Back to TechSheets
Local-FirstWebAssemblyCRDTSQLiteDistributedSystems

Beyond the Cloud: Orchestrating Deterministic Local-First State with SQLite-WASM and Hybrid CRDTs

Thanga MariappanSenior Architect
7 min read
Mar 26, 2026
Beyond the Cloud: Orchestrating Deterministic Local-First State with SQLite-WASM and Hybrid CRDTs

Beyond the Cloud: Orchestrating Deterministic Local-First State with SQLite-WASM and Hybrid CRDTs

For the past decade, web development has been dominated by the "Cloud-First" paradigm. We built thin clients that acted as mere views for centralized databases, treating every user interaction as a potential round-trip to a server located hundreds of miles away. However, the tide is shifting. A new architectural movement—Local-First Development—is emerging, promising apps that are instantly responsive, work seamlessly offline, and give users true ownership of their data.

But moving the primary data store to the browser isn't as simple as slapping an IndexDB layer over your API. It requires a fundamental rethink of state synchronization and conflict resolution. In this post, we will explore the cutting-edge combination of SQLite-WASM (leveraging the Origin Private File System) and Hybrid Conflict-free Replicated Data Types (CRDTs) to build a robust, deterministic synchronization engine.

The Architectural Shift: Why Local-First?

In a traditional SPA (Single Page Application), the UI is often a "lie." We use optimistic UI updates to mask the fact that the data hasn't actually been persisted yet. If the network fails, the lie collapses, and the user is met with "Retry" buttons or lost progress.

Local-first changes the hierarchy. The local device is the source of truth. The network becomes an asynchronous background task. This approach offers three major advantages:

  1. Latency Elimination: UI interactions happen at the speed of the local CPU and disk storage (under 1ms).
  2. Robust Offline Support: There is no "offline mode" because being offline is a natural state of the system.
  3. Collaborative Potential: By treating the database as a distributed system, multi-user collaboration becomes a synchronization problem rather than a locking problem.

The Foundation: SQLite-WASM and OPFS

Until recently, persisting large amounts of relational data in the browser was clunky. IndexedDB has a notoriously difficult API and performance bottlenecks. Enter SQLite-WASM.

With the introduction of the Origin Private File System (OPFS), browsers now provide a high-performance storage endpoint that allows WebAssembly-based SQLite to achieve near-native read/write speeds. This allows us to run a full relational database engine inside a Web Worker, providing a powerful SQL interface for our local state.

Setting up the Persistent Store

To ensure our database doesn't block the main UI thread, we instantiate SQLite within a dedicated Worker.
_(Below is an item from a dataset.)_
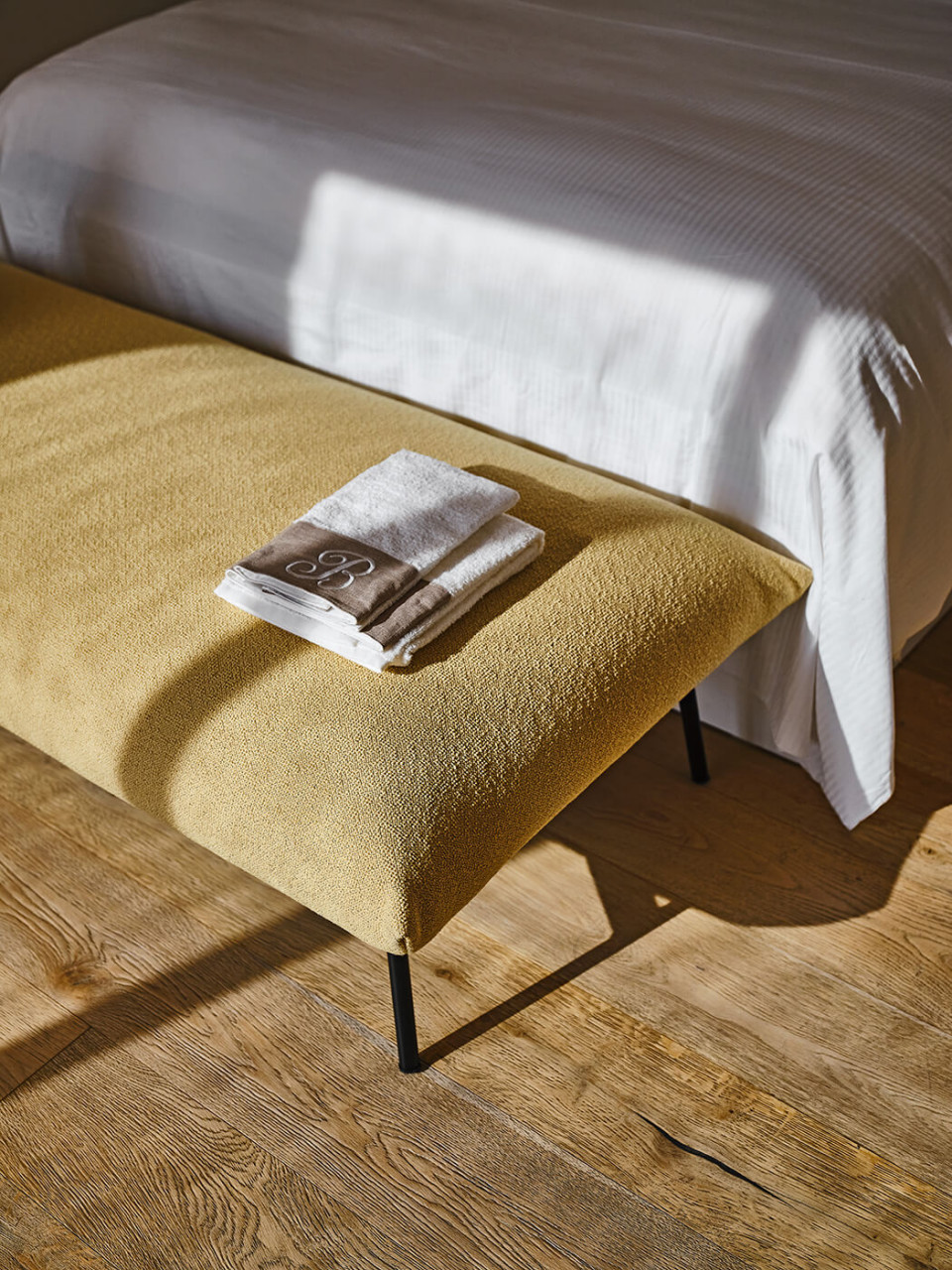 Area pouf with yellow fabric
Here is how we initialize the OPFS-backed storage:

// worker.js
import sqlite3InitModule from '@sqlite.org/sqlite-wasm';

const initializeDB = async () => {
  const sqlite3 = await sqlite3InitModule({
    print: console.log,
    printErr: console.error,
  });

  if ('opfs' in sqlite3) {
    const db = new sqlite3.oo1.OpfsDb('/my_app_db.sqlite3');
    console.log('Connected to SQLite via OPFS:', db.filename);
    return db;
  } else {
    return new sqlite3.oo1.DB('/local.sqlite3', 'ct');
  }
};

The Conflict Problem: Enter Hybrid CRDTs

Storing data locally is easy; syncing it across three different devices without losing data is hard. If User A and User B both edit the same document while offline, how do we merge their changes? Standard SQL databases use Last-Write-Wins (LWW) based on server timestamps, which often leads to data loss.
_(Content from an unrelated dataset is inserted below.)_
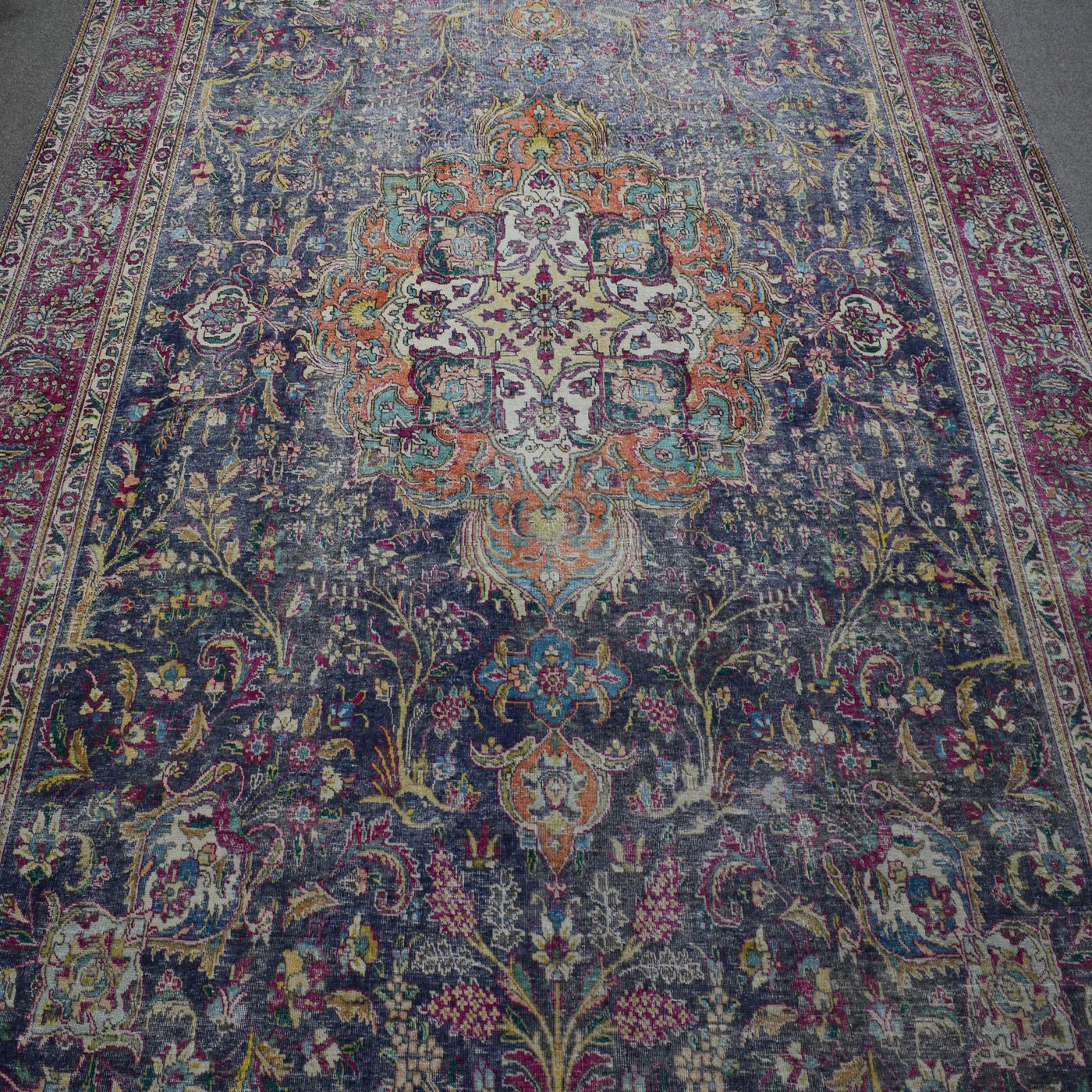 Close up of distressed Persian rug showing detailed floral medallion with ivory and orange accents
CRDTs (Conflict-free Replicated Data Types) solve this by providing data structures that are mathematically guaranteed to converge to the same state, regardless of the order in which operations are received. However, pure CRDTs (like Automerge or Yjs) can be memory-intensive when dealing with massive datasets.

The Hybrid Approach

A Hybrid CRDT approach involves using a relational database (SQLite) for high-speed querying and storage, while augmenting rows with metadata (version vectors or logical clocks) to handle synchronization.
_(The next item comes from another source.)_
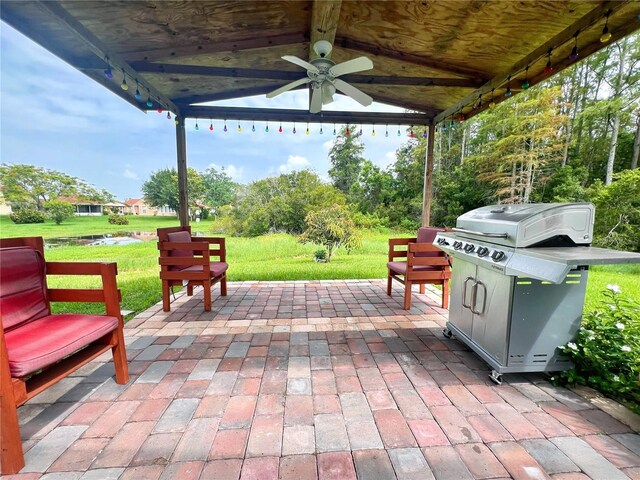 2376 Flamingo Lakes Dr, Kissimmee, FL 34743 - view of patio / terrace featuring a ceiling fan, a grill, and a gazebo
Instead of syncing the entire database file, we sync delta-changesets. Each row in our SQLite table is treated as an element in a LWW-Element-Set. To implement this, every table must include three hidden columns:

  1. hlc: A Hybrid Logical Clock timestamp.
  2. origin: A unique ID for the device that made the change.
  3. is_deleted: A boolean flag (tombstone) to handle deletions.

Implementing Hybrid Logical Clocks (HLC)

We cannot rely on system clocks because they can drift or be manipulated by users. HLCs combine physical clock time with a logical counter to ensure a strict partial ordering of events.

class HLC {
  ts: number;
  count: number;
  node: string;

  constructor(node: string, ts = Date.now(), count = 0) {
    this.node = node;
    this.ts = ts;
    this.count = count;
  }

  // Generate a new HLC for a local mutation
  increment() {
    const now = Date.now();
    if (now > this.ts) {
      this.ts = now;
      this.count = 0;
    } else {
      this.count++;
    }
    return this.serialize();
  }

  serialize() {
    return `${this.ts.toString().padStart(15, '0')}:${this.count.toString(16).padStart(4, '0')}:${this.node}`;
  }
}

The Sync Engine: Merging Remote Changes

When a remote change arrives, our engine performs an "upsert" logic based on the HLC. If the incoming HLC is greater than the local HLC for that specific record (and column), the change is applied. If it is smaller, the change is ignored as "stale."

SQL Schema for Syncable Tables

CREATE TABLE tasks (
  id TEXT PRIMARY KEY,
  title TEXT,
  status TEXT,
  updated_at_hlc TEXT, -- The HLC of the last modification
  is_deleted INTEGER DEFAULT 0
);

The Merge Logic

async function applyRemoteChange(db, remoteRow) {
  const localRow = db.exec("SELECT updated_at_hlc FROM tasks WHERE id = ?", {
    bind: [remoteRow.id],
    returnValue: "resultRows"
  })[0];

  // Compare HLC strings lexicographically
  if (!localRow || remoteRow.updated_at_hlc > localRow[0]) {
    db.run(`
      INSERT INTO tasks (id, title, status, updated_at_hlc, is_deleted)
      VALUES (?, ?, ?, ?, ?)
      ON CONFLICT(id) DO UPDATE SET
        title = excluded.title,
        status = excluded.status,
        updated_at_hlc = excluded.updated_at_hlc,
        is_deleted = excluded.is_deleted
    `, [remoteRow.id, remoteRow.title, remoteRow.status, remoteRow.updated_at_hlc, remoteRow.is_deleted]);
  }
}

Real-World Use Case: Collaborative Project Management

Imagine a project management tool where users can rearrange tasks on a Kanban board in a subway tunnel with no signal.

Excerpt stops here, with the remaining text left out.